Sobre a Noite (e o Luar)
Algumas vezes as noites carregam um certo drama próprio, enlaçado pela lua que mingua e por amores despedaçados jogados na rua.
Outras vezes as noites carregam em si demônios tão cruéis que os mais santos seguidores do Credo tremeriam ante a presença aterradora destas criaturas.
A noite é o palco das loucuras. O palco das bravuras. O palco de bruxarias e feitiçarias que arrancam sonhos e almas e despejam desespero e horror.
A noite é a inspiração de poetas assassinos, de bardos macabros e artistas que encantam por seu talento e assombram por suas histórias.
Nas vastidões da noite impérios são erguidos e reinados de sombras assolam as cidades e os campos, os credos e exércitos.
O mais corajoso dos homens sente a presença da noite como uma navalha cega que, inerte na gaveta, aguarda o momento certo de cortar e fazer a dor e o medo corroerem mais que qualquer outra coisa neste mundo.
O mais sábio dos homens sabe que quando o manto cai olhos escarlates abrem-se no fundo dos becos, nas sombras das árvores e no silêncio pertubador das caminhadas noturnas. Cada passo ecoa no ritmo das batidas de um coração assustado.
O mais belo dos homens teme a noite como um reflexo imperfeito dos demônios que rondam seus pesadelos. Cobrando dívidas feitas a ferro e sangue nas perdições dos desejos satisfeitos sordidamente.
Mundos e reinos de dimensões incontáveis convergindo num resto de tempo que avança pelos ermos da mortalidade, pelos labirintos da fé e pelas praias tempestuosas da loucura e da arte.

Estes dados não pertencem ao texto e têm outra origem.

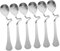 Luxshiny 6 pezzi Cucchiaio Acciaio Inossidabile per Espresso Dessert Utensili Pratici e Ristoranti Facili da e Riutilizzabili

Em bravatas insanas alguns desafiam a noite e são consumidos por ela, mastigados com ânsia e vômito, com seus mais explosivos momentos queimando lentamente, enquanto o tempo se esvai e arranca vida de seus entes amados.
A noite é o palco das loucuras. O palco das bravuras. O palco da fúria, das Legiões dos Úrias, das mais devassas luxúrias.
A noite esconde o que tentamos esconder: o lado frio do calor que arde em nosso peito.